START Information given
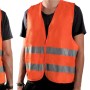 Gilet di sicurezza arancione ad alta visibilità con strisce riflettenti.
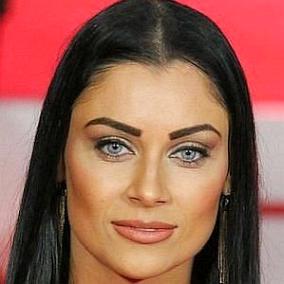 facts on Cally Jane Beech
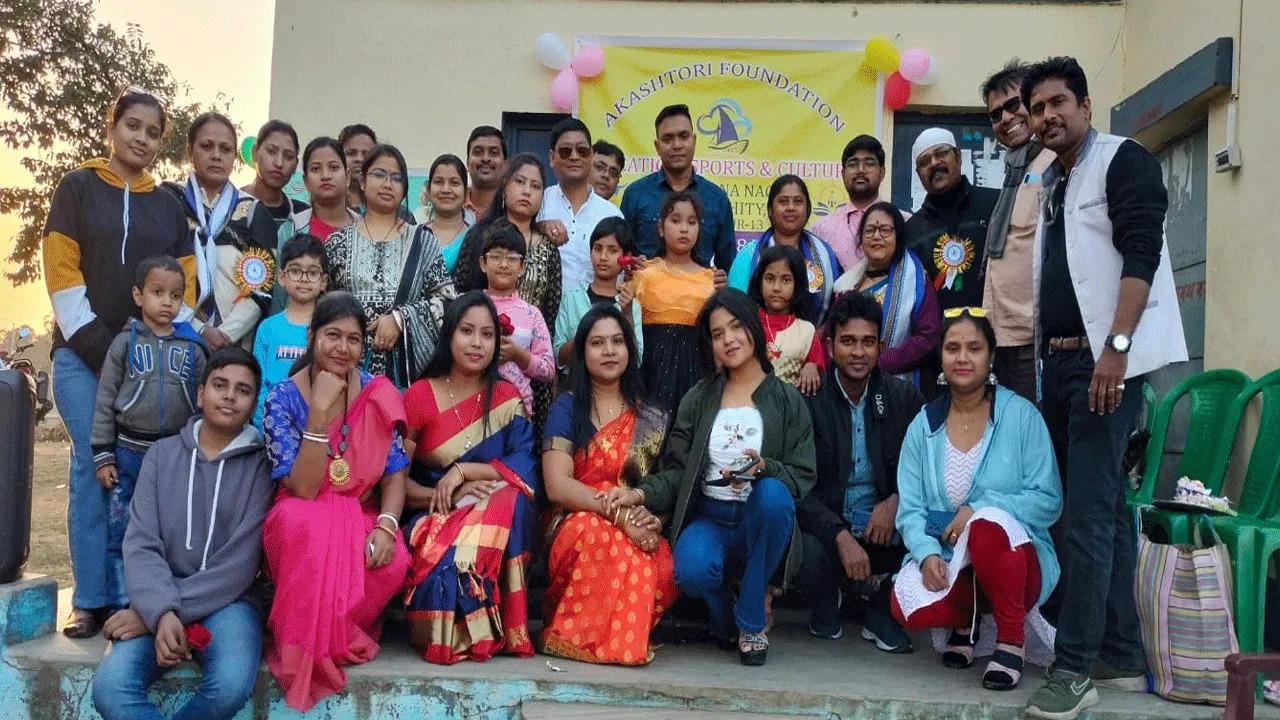 জন্মদিন উপলক্ষে আকাশ তরী ফাউন্ডেশনের কম্বল বিতরণ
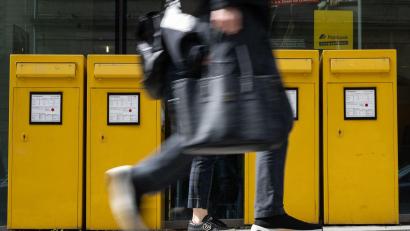 Bild: Marijan Murat/dpa
Hier stehen vier Briefkästen nebeneinander, anderswo sind sie spärlicher präsent.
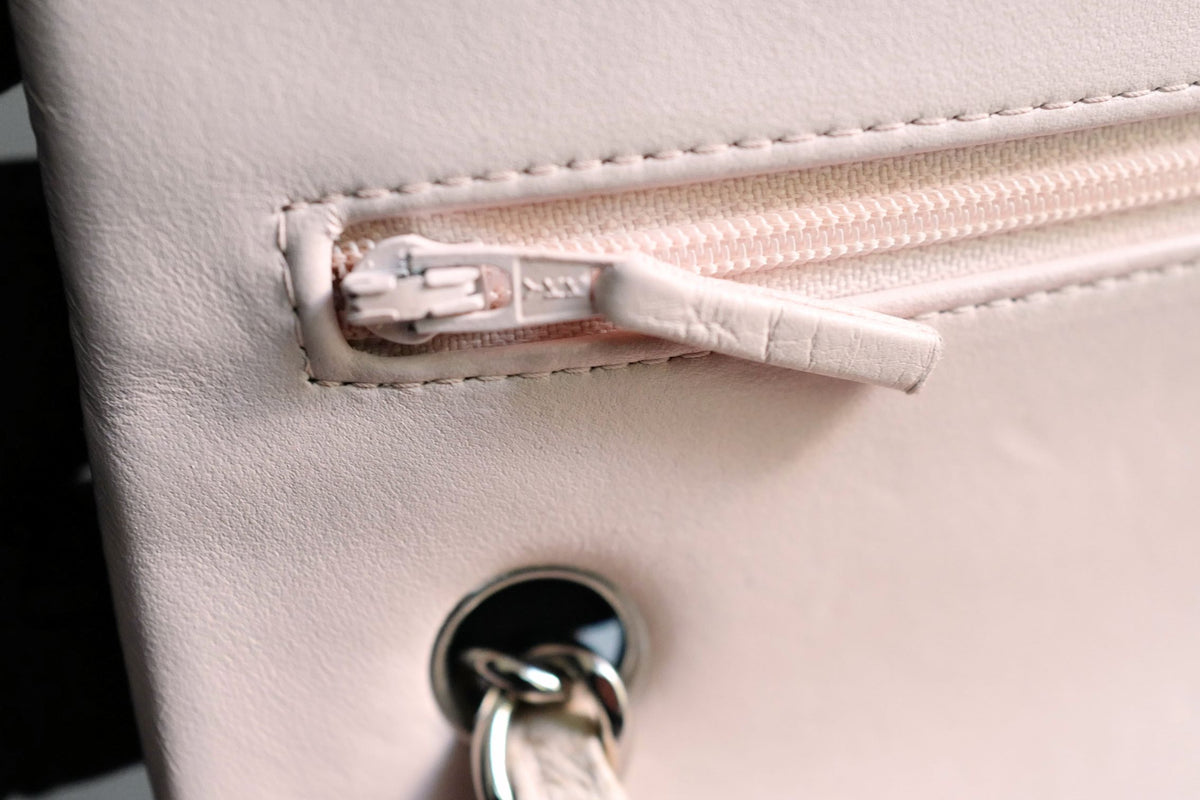 Preowned Chanel Jumbo Classic Flap in Baby Pink Rose Clair Lambskin #13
END Information given
● Task instructions
Reproduce every record verbatim, please. Omit the images.

● Answer to this problem
 Gilet di sicurezza arancione ad alta visibilità con strisce riflettenti.
 facts on Cally Jane Beech
 জন্মদিন উপলক্ষে আকাশ তরী ফাউন্ডেশনের কম্বল বিতরণ
 Bild: Marijan Murat/dpa
Hier stehen vier Briefkästen nebeneinander, anderswo sind sie spärlicher präsent.
 Preowned Chanel Jumbo Classic Flap in Baby Pink Rose Clair Lambskin #13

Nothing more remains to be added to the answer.